Musiktheater bei der Ruhrtriennale: »Ich geh unter lauter Schatten« beschäftigt sich in Gedichten und Gesängen mit letzten Fragen. »Haus« nach dem Kammerzyklus von Sarah Nemtsov misst den Raum neu aus.
Was ist denn das für eine Zeit –?
Die Wälder sind voll von Traumgetier.
Wenn ich nur wüsste, wer immer so schreit.

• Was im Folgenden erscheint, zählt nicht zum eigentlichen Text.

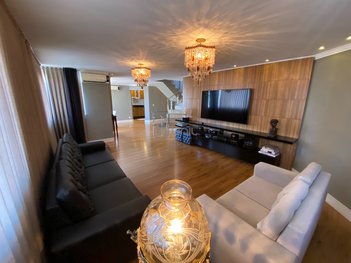 apartment em Tenente Silveira, Centro - Florianópolis - SC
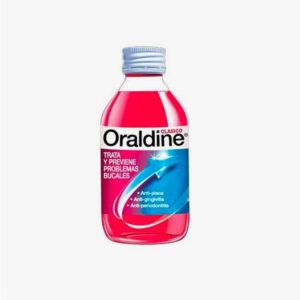 ORALDINE ANTISEPTICO 200 ML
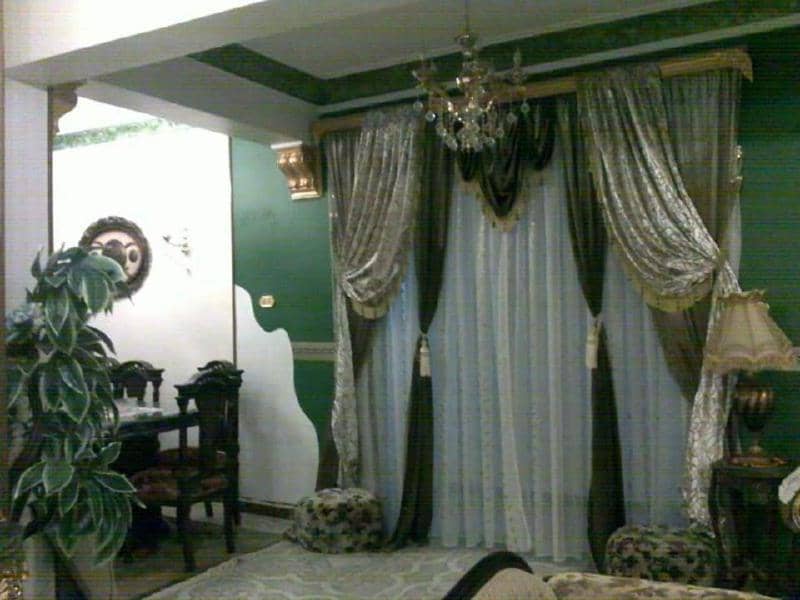 مفروش علي مبارك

Weiß nicht einmal, ob es regnet oder schneit,
ob du erfrierst auf dem Weg zu mir –
Der Schweizer Schriftsteller und Buchdrucker Alexander Xaver Gwerder (1923 bis 1952) hat die Entfremdung von sich und der Welt zum Thema seiner Gedichte gemacht. Sein Leben war eine kontinuierliche Rebellion gegen das spießige Bürgertum und dessen Ordnungsvorstellungen, mit widersprüchlichen Konsequenzen: Zeitweise ein Hitler-Bewunderer, protestierte er nach dem Krieg gegen den Militärdienst, führte eine konfliktreiche Ehe und versuchte sich 1952 gemeinsam mit seiner 19-jährigen Geliebten in Südfrankreich umzubringen ‒ sie überlebte, Gwerder starb mit 29 Jahren.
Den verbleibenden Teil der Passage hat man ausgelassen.